Wednesday, July 20, 2011

Making Sense of “End User Experience Monitoring”


By Russ
While I can appreciate the need to adapt marketing to whatever the latest trends are, I also believe it’s important to avoid misleading marketing. Have you noticed the number of IT management vendors that claim to do APM and end user experience monitoring? Many of these vendors are jumping on a bandwagon they don’t belong on.
Even as an expert in the field, I find it difficult to differentiate the various products based on reading websites and brochures. Some of the claims I’ve read are fairly dubious. To organize the different approaches in my mind, I came up with a taxonomy. Hopefully you find it as useful as I do.
In my taxonomy, there are 5 levels of user response time measurement. There may be different approaches to collecting the data for each level but it’s the output that really matters. What is really being measured? The levels progress from least to most sophisticated.

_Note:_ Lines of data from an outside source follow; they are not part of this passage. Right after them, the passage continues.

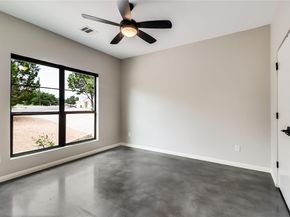 8603 Bluesky LN, Lago Vista TX 78645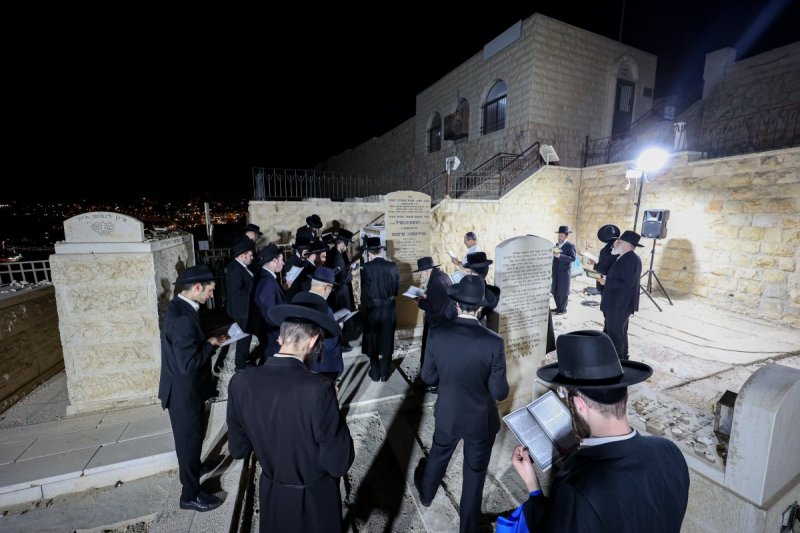 א. אייזנבאך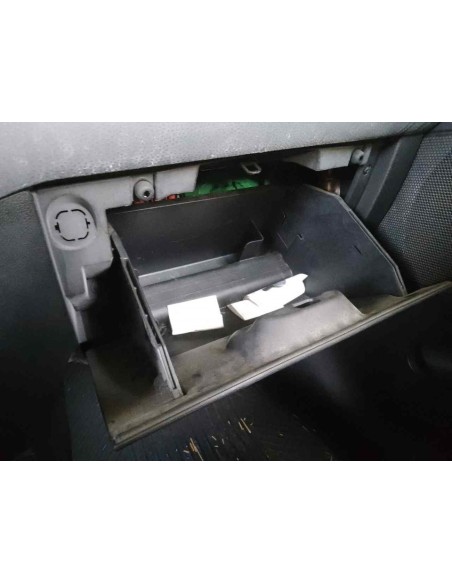 GUANTERA FORD FIESTA (CBK) - 243263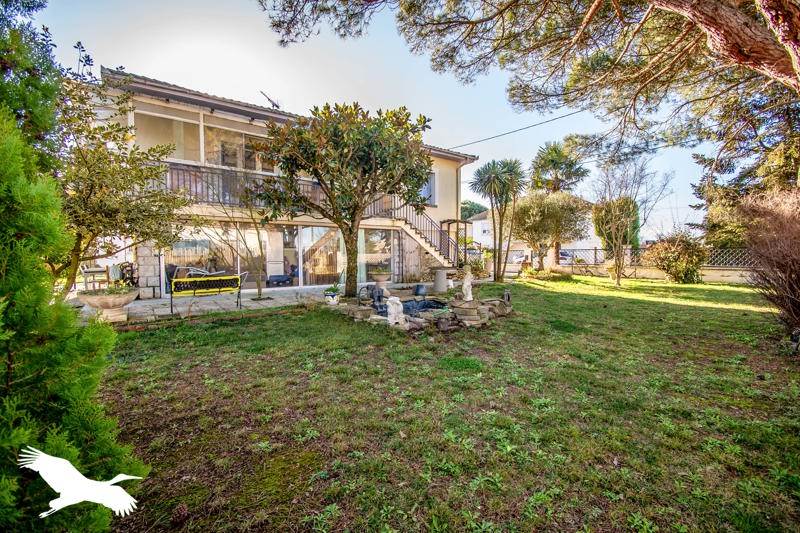 Maison  - 4 pièces    - 126 m² - SAVERDUN (09)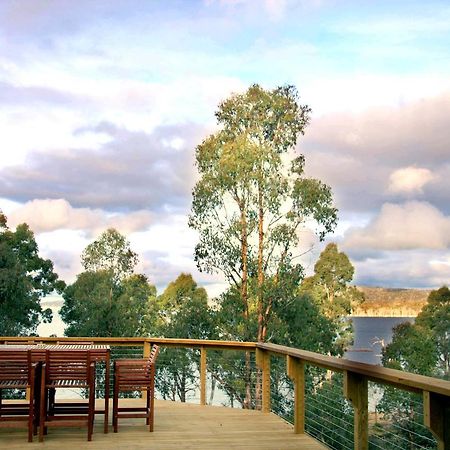 Blue Lake Lodge Steppes Екстер'єр фото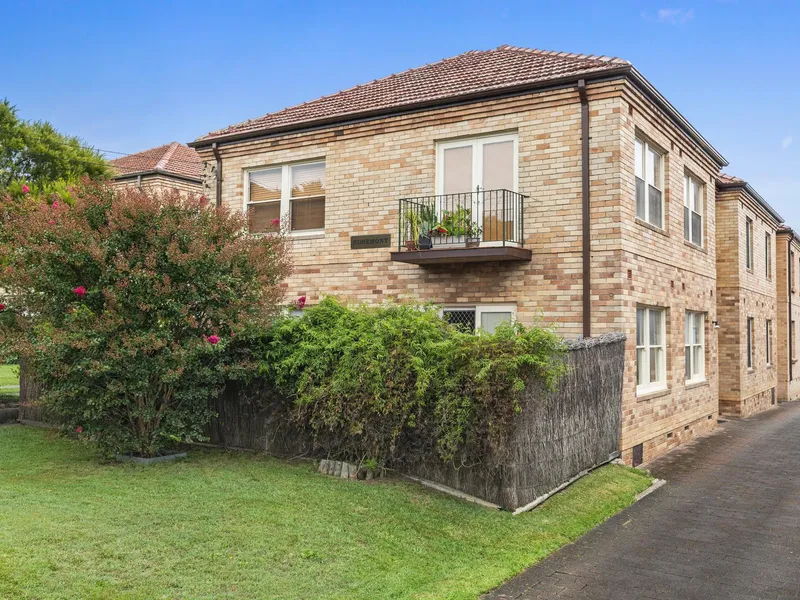 Light Filled Apartment in a Great Location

  • Level 0 : Resource Utilization. This really shouldn't be listed as a level but I see many vendors trying to sneak this through. They claim that knowing when links or CPUs are heavily utilized is somehow indicative of user response time problems. I agree that resource utilization is important for troubleshooting, but it is a bad indicator of user experience. Everyone knows 100% is bad. But is 90% OK? What about 70%? Does 30% mean everyone is happy? Don’t plenty of application problems occur when link and CPU are both below 50%? Don't mistake SNMP or NetFlow tools for user response time monitoring solutions.
  • Level 1 : Network Round Trip time. Many of the legacy network monitoring vendors are now claiming that their round-trip time measurements are actually the same as user experience measurements. You can generally recognize these tools by the numbers they report. The vendors show demos in which response time jumps from 100ms to 140ms. They claim that this change indicates a problem with user experience. On its surface, this doesn't make sense. Do you think you would notice if a web page response time changed by 4/10 th of a second? Round-trip time is effectively "ping" which can be very useful when troubleshooting network problems, but it really does not represent user experience.
  • Level 2 : Round Trip with Server Processing. Some network monitoring vendors go one step further. They calculate both network round-trip and server delay for the specific request. This can be useful to differentiate between network and server slowdowns but it really isn't reporting on user experience either. Let me give you an example. You download a 10GB file. The network round-trip is 100ms. And the server processes the request for 2 seconds before streaming the file. A level 2 approach will result in a 2.1 second measurement even though the entire file may take 10 minutes to download.
  • Level 3 : Object-Level Response time. This is really the first level at which a vendor can credibly claim to focus on end-user experience. At Level 3, a tool is measuring an entire transaction from start to finish: from the time the client initiates the request to the time the final piece of data is delivered. For the example in Level 2 above, this method would correctly report a response time of 10 minutes because it incorporates the network round trip, the server delay, and the data delivery. For many applications (email, file transfer, etc.) this may be all you need.
  • Level 4 : Page-Level Response Time. Web applications, which we see more of every day, usually cause multiple object-level transactions for a single user transaction. Go to most web pages, and you will notice it is made of dozens of smaller objects (pictures, text, icons, menus, etc.). To measure the user experience of web pages, a tool must be able to stitch all of the individual objects into the larger page. So the ultimate measurement of the user experience is from the start of the first object to the final delivery of the last object. If the people you support are clicking on important web pages, this is the level you need to be at to most directly manage performance.
  • Level 5 Business-Level Transactions. As you use a web application, you don't just randomly hit individual pages (unless you’ve had too many martinis or are just bored). Most people step through specific pages in a sequence to complete a specific task. Think about checking out of a online store (view shopping cart, submit order, billing info, shipping info, confirmation, etc.). Each one of these steps may involve one or more web pages. Level 5 follows users through these business transaction sequences to report on user activity as well as user performance. It is important to know if any particular kind of business transaction is slow or is causing many people to abort. Business people, not just IT people, are often interested in the results from this level because business transactions and user activity are more directly tied to business metrics.
In the end, all 5 levels are useful at different times to different teams. They provide a wide range of data to enable high-level reporting as well as deep-dive troubleshooting. Some vendors focus only on the top layers (3-5). Some vendors focus only on the low layers (0-2) and these seem to be the ones that are adding the most confusion to the market. Hopefully, this taxonomy will help you differentiate for yourself.